* _What to produce_: Nothing but the lines from the start of the records through the line that contains "Veho USB-C to" is to be copied, and each is to be copied exactly.

** Opening Data records block **

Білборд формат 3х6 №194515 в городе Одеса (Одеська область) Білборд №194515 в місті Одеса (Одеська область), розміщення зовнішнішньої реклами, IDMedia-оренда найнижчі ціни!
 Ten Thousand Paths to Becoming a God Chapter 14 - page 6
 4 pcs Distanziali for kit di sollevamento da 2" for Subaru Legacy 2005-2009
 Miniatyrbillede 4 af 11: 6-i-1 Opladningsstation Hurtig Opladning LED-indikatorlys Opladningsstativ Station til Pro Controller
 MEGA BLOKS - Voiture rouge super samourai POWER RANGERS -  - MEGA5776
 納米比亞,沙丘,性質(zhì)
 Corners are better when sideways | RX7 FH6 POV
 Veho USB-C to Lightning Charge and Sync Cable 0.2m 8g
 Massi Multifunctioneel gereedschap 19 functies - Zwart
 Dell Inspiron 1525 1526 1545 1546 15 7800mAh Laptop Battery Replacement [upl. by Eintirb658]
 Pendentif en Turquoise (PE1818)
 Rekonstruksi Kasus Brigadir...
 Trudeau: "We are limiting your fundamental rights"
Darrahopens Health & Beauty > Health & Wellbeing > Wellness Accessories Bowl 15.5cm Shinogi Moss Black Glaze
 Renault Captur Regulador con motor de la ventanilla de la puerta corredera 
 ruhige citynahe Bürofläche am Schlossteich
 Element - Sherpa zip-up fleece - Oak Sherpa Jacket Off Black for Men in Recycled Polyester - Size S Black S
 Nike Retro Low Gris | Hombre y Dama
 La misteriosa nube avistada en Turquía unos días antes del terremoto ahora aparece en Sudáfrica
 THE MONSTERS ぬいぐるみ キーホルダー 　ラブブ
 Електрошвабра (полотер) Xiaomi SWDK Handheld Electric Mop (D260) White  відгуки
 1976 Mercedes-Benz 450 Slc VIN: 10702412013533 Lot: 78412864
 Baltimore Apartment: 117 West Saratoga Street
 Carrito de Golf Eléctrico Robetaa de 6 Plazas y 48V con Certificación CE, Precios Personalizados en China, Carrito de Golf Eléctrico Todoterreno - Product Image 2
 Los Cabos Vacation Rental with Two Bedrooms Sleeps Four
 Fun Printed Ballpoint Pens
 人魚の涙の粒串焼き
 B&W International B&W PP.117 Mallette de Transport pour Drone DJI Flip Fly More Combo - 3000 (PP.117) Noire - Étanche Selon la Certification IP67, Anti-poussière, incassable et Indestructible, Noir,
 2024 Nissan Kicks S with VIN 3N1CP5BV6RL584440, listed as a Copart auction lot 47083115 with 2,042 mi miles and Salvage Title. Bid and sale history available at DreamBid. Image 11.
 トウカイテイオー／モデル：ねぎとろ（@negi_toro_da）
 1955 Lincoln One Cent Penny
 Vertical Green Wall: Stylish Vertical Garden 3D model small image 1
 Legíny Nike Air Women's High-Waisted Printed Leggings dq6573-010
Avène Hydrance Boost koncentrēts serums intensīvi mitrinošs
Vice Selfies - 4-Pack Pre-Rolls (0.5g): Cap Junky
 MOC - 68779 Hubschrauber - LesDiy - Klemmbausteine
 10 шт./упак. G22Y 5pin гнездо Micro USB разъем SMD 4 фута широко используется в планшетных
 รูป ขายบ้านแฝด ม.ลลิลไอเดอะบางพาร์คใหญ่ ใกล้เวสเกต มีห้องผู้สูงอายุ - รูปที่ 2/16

** Closing Data records block **

* _Response to the task_:
Білборд формат 3х6 №194515 в городе Одеса (Одеська область) Білборд №194515 в місті Одеса (Одеська область), розміщення зовнішнішньої реклами, IDMedia-оренда найнижчі ціни!
 Ten Thousand Paths to Becoming a God Chapter 14 - page 6
 4 pcs Distanziali for kit di sollevamento da 2" for Subaru Legacy 2005-2009
 Miniatyrbillede 4 af 11: 6-i-1 Opladningsstation Hurtig Opladning LED-indikatorlys Opladningsstativ Station til Pro Controller
 MEGA BLOKS - Voiture rouge super samourai POWER RANGERS -  - MEGA5776
 納米比亞,沙丘,性質(zhì)
 Corners are better when sideways | RX7 FH6 POV
 Veho USB-C to Lightning Charge and Sync Cable 0.2m 8g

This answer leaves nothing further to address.